# How To Defend Yourself When Being Attacked



## Idelette (May 13, 2009)

This is very useful information on knowing what to do in the event that you are being attacked!

[video=vimeo;3972914]http://www.vimeo.com/3972914[/video]


----------



## Joseph Scibbe (May 13, 2009)

I feel so much safer now


----------



## PresbyDane (May 13, 2009)

Nice


----------



## Idelette (May 13, 2009)

I love the part where he says...."this can take a while"....lol....


----------



## Reluctantly Reforming (May 13, 2009)

You laugh ... that kid looked dangerous.


----------



## Berean (May 13, 2009)




----------



## Idelette (May 13, 2009)

Reluctantly Reforming said:


> You laugh ... that kid looked dangerous.

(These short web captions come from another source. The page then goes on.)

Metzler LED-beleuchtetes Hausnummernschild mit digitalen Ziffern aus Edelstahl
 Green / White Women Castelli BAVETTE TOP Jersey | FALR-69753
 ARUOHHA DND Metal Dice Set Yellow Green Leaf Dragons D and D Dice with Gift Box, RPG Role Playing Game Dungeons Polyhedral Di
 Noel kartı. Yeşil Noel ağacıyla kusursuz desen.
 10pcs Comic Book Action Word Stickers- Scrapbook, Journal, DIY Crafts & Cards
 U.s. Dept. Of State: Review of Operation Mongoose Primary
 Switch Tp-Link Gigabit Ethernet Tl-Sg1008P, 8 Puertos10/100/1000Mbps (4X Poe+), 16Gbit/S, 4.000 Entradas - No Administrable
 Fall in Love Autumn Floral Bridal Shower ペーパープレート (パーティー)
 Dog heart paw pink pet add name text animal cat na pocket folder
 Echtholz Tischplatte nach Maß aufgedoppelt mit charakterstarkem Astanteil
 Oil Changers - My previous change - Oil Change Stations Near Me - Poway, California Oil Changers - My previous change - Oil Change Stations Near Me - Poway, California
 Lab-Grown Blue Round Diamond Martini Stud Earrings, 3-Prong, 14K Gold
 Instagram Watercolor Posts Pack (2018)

Yes, especially with that bandana! 

Ladies....you know how dangerous-looking bandana's can be!


----------



## Reluctantly Reforming (May 13, 2009)

> I love the part where he says...."this can take a while"....lol....



And he totally forgot to cover the critical flicking-the-gun-out-of-attacker's-hand-with-your-thumb move that he demonstrated.


----------



## PresbyDane (May 13, 2009)

we have like 1500 of them rioting in our capitol at the moment and that is actually true they might be 10 years older, but not much more


----------



## Berean (May 13, 2009)

Re4mdant said:


> we have like 1500 of them rioting in our capitol at the moment and that is actually true they might be 10 years older, but not much more



Why are they rioting?


----------



## PresbyDane (May 13, 2009)

Because they had illigally seesed a house for a many years and used it for koncerts and runaway shelter etc. and when the house got a new owner, the new owner made the police kicked them out that resulted i 5 days of war like streets with fights between young people and police and now it is going on still/again and there is incresend amount of gang war to, a koncept that was unknown in Denmark 10 years ago.


----------



## Matthias (May 13, 2009)

that video was awesome... the subtleness of the humor made it all the more funny

-----Added 5/13/2009 at 04:30:42 EST-----



Re4mdant said:


> Because they had illigally seesed a house for a many years and used it for koncerts and runaway shelter etc. and when the house got a new owner, the new owner made the police kicked them out that resulted i 5 days of war like streets with fights between young people and police and now it is going on still/again and there is incresend amount of gang war to, a koncept that was unknown in Denmark 10 years ago.



Truly a shame!


----------



## OPC'n (May 13, 2009)




----------



## Skyler (May 13, 2009)

It sorta almost reminds me of that Pentecostal video someone posted a while ago...


----------



## Marrow Man (May 13, 2009)

Now I know how to defend myself if I'm ever attacked by a little person standing on a bed.


----------



## LawrenceU (May 13, 2009)

I hope I never face that little terror!



On a serious note: Hands up is the worst position from which to try to disarm some one with a gun. And, if you ever are in a knife fight . . . barring a miracle you will get cut - regardless of what the movies show.


----------



## Solus Christus (May 13, 2009)

In His Grip said:


> I love the part where he says....\"this can take a while\"....lol....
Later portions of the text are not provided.